The term you are looking for is 'creole' or 'pidgin' (which are often used interchangeably). From my field of study, perhaps West African Pidgin English? It was used in the late 17th and 18th centuries and was used by West Africans with what they picked up from Europeans during the Atlantic slave trade.
It took most syntax and grammar from substrate languages (mainly those from West Africa), but the vocabulary was mainly from the superstrate English, here's an example:
“Me? Put poison for master? Nevertheless!” said the cook, side-stepping to avoid a heavy blow from the Minister. . . . Why I go kill my master? . . . Abi my head no correct? And even if to say I de craze why I no go go jump for inside lagoon instead to kill my master?" (a servant, in [Chinua] Achebe's A Man of the People, p. 39)

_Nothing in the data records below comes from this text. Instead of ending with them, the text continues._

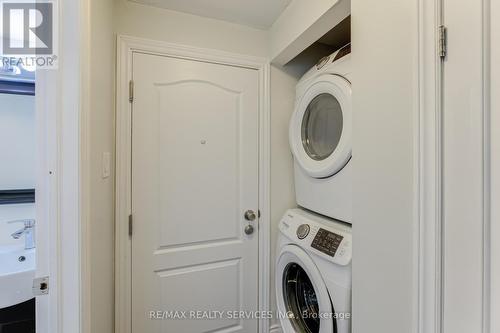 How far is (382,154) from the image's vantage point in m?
0.79

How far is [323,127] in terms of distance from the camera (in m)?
1.33

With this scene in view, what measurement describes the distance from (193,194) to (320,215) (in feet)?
2.59

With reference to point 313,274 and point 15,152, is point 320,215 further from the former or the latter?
point 15,152

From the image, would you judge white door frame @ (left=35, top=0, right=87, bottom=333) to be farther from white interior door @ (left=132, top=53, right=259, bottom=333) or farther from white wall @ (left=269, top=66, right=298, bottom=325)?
white wall @ (left=269, top=66, right=298, bottom=325)

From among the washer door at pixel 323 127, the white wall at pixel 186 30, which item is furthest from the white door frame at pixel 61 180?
the washer door at pixel 323 127

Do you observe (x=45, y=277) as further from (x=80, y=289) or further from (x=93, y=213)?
(x=93, y=213)

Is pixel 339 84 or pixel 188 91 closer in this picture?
pixel 339 84

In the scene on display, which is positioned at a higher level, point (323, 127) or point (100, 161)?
point (323, 127)

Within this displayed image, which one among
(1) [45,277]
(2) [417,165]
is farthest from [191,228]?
(2) [417,165]

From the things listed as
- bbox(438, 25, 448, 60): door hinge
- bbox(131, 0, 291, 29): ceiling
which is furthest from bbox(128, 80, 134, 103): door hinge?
bbox(438, 25, 448, 60): door hinge

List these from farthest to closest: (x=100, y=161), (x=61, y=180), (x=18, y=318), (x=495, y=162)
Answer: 1. (x=18, y=318)
2. (x=100, y=161)
3. (x=61, y=180)
4. (x=495, y=162)

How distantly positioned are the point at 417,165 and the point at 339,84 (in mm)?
602

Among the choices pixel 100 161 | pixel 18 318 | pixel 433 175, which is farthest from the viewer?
pixel 18 318

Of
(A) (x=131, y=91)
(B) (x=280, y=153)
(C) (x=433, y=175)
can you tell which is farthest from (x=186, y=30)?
(C) (x=433, y=175) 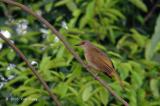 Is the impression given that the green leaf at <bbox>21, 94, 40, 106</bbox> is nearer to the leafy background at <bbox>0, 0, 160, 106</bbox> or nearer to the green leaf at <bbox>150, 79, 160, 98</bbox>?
the leafy background at <bbox>0, 0, 160, 106</bbox>

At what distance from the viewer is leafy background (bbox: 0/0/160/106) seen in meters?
2.42

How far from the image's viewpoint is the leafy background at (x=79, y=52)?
2424mm

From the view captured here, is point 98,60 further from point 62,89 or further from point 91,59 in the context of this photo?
point 62,89

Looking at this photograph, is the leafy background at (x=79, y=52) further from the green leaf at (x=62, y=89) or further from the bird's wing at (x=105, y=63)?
the bird's wing at (x=105, y=63)

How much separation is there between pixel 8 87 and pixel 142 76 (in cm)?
69

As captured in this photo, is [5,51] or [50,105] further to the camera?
[5,51]

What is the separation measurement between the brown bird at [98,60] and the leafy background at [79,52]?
0.27 feet

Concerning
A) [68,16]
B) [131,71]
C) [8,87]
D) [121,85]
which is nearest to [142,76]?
[131,71]

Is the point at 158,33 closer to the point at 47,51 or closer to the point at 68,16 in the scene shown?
the point at 47,51

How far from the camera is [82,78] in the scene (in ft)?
8.29

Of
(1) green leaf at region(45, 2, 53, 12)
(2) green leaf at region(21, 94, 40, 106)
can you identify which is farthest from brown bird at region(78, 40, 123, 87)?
(1) green leaf at region(45, 2, 53, 12)

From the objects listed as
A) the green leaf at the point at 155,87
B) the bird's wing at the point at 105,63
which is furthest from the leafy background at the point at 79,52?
the bird's wing at the point at 105,63

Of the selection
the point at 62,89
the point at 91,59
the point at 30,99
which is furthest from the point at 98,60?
the point at 30,99

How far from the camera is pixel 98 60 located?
90.4 inches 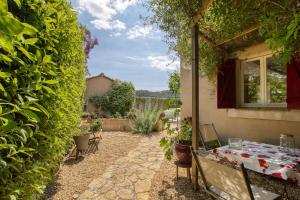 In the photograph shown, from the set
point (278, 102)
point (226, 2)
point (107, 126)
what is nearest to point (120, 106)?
point (107, 126)

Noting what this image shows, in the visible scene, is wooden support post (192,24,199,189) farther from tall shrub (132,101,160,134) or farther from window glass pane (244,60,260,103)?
tall shrub (132,101,160,134)

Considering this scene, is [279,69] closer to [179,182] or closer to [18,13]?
A: [179,182]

But anyway, as others have said, any creole or pidgin would be what you are looking for. Pidginization is when two languages literally clash, and speakers are forced to pick up words from each other over time in order to accommodate each other. Think of a plane full of Chinese speakers and English speakers crashing on an island. Assuming there was no domineering or anything, they would each over time pick up parts of each other's language, and slowly develop a language that was a combination, which we call a pidgin. An example known to you could be the simplified English you may speak to a foreign waiter while abroad. Creolization occurs when the descendants of these people speak the pidgin language as their primary tongue, and we now call it a creole.
Sadly in reality we often have socio-economic issues which cause one language to be more dominate (superstrate/substrate), so its kind of hard, maybe impossible to find an example where the language is 50/50 mixed.